Los discípulos, de ahora en adelante, reconocerán a Jesús por estas llagas gloriosas grabadas en su cuerpo y ellos no podrán ser su cuerpo sino se suman a estas llagas, sino actualizan su misma pasión de amor. El texto evangélico además dice explícitamente que Tomás no estaba presente. Por eso los otros Apóstoles le cuentan lo sucedido. Para reconocer al Señor hay que estar con los otros Apóstoles. No creyó, porque no estaba con ellos. Para experimentar al Señor hay que estar con los Apóstoles, es decir, con la Iglesia. Sin la Iglesia no se puede verdaderamente reconocer al Señor.
Que nuestras heridas, las heridas de la Iglesia, no frenen nuestra esperanza, no nos encierren en nuestros cenáculos. Necesitamos a alguien que nos anuncie que Cristo ha resucitado y que lo han visto, como lo hicieron los Apóstoles con Tomás. Alguien que nos diga que ha hecho la experiencia y que nuestras heridas, por muy profundas que sean, no nos lleven a la muerte, sino que puede hacernos descubrir que pueden ser el inicio de una vida nueva si estamos dispuestos a compartirlas, si concebimos alzar nuestra mirada hacia Jesús.

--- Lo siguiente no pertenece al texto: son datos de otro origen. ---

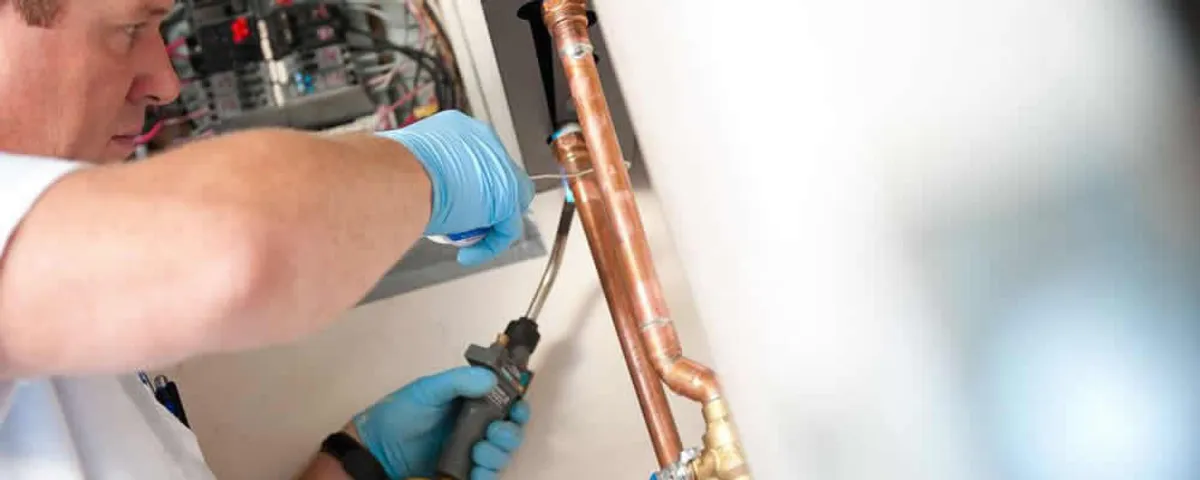 Water heater repair technician testing copper pipe connections and controls in Bakersfield, CA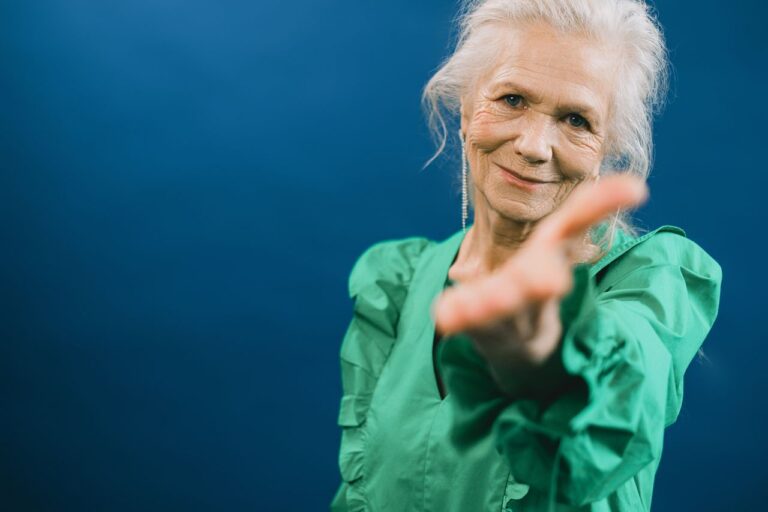 Elderly woman in green reaching forward with a smile against blue background. Studio portrait.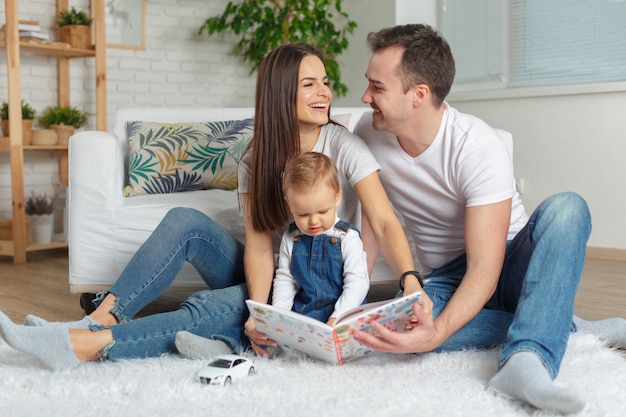 Familia feliz leyendo un libro juntos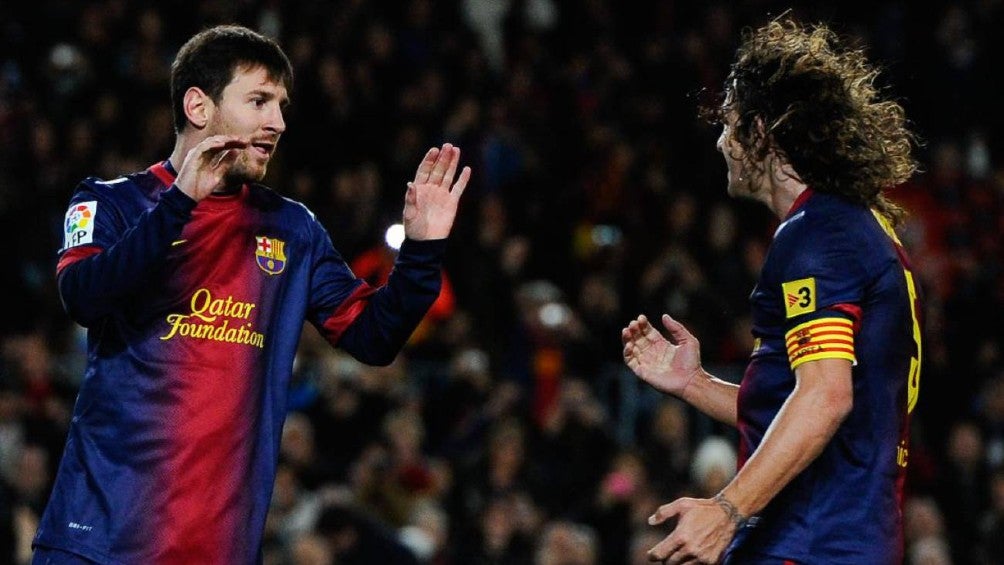 Messi y Puyol celebran gol con Barcelona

Es el Señor que viene para cada uno de nosotros, para que el Tomás de cada tiempo vea que esta esperanza es accesible para todos y que todos debemos pasar por ahí, por tocar con nuestra vida esas llagas benditas. Esto y solo esto nos hace pasar de ser incrédulos a ser creyentes. Cuando esto sucede, el Señor pasa a ser “Mi Señor”: “Señor mío y Dios mío”.
En los Evangelios no falta quien reconozca que Jesús es el Hijo de Dios, y hay varias profesiones de fe. Sin embargo, sólo Tomás después de haber visto las llagas gloriosas puede decir que este Señor es su Señor y que este Dios es su Dios. Ahora ha hecho la experiencia, ha hallado la relación con Él.

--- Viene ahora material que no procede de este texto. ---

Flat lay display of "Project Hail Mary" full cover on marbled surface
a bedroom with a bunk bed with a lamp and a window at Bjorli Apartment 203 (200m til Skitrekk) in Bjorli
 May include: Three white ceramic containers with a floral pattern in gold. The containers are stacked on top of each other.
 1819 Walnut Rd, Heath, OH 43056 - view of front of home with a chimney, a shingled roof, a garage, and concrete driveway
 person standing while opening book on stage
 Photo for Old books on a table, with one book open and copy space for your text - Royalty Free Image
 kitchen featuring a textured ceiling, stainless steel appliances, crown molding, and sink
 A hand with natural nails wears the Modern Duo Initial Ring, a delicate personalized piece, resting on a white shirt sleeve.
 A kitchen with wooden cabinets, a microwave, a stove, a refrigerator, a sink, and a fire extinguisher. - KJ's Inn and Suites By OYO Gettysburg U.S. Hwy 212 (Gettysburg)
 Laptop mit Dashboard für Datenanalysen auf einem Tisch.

Jesús dice que este acto de tocar ya no pasa a través del ver, sino de la fe. Es a través de aquella experiencia de sentirse acogido dentro de sus llagas, y esto es posible para todos. No sucede una vez para siempre en la vida, porque la amistad necesita ser nutrida. Esta experiencia en la Iglesia tiene el ritmo del Octavo Día, donde el Domingo el Señor de nuevo aparece y nos acoge en sus llagas de amor. La celebración Eucarística es el lugar de este contacto íntimo y fiel, donde la relación se hace confianza y ternura, donde todo cristiano junto a sus hermanos y sus hermanas puede decir las mismas palabras que Tomás: “Señor mío y Dios mío”. Amén.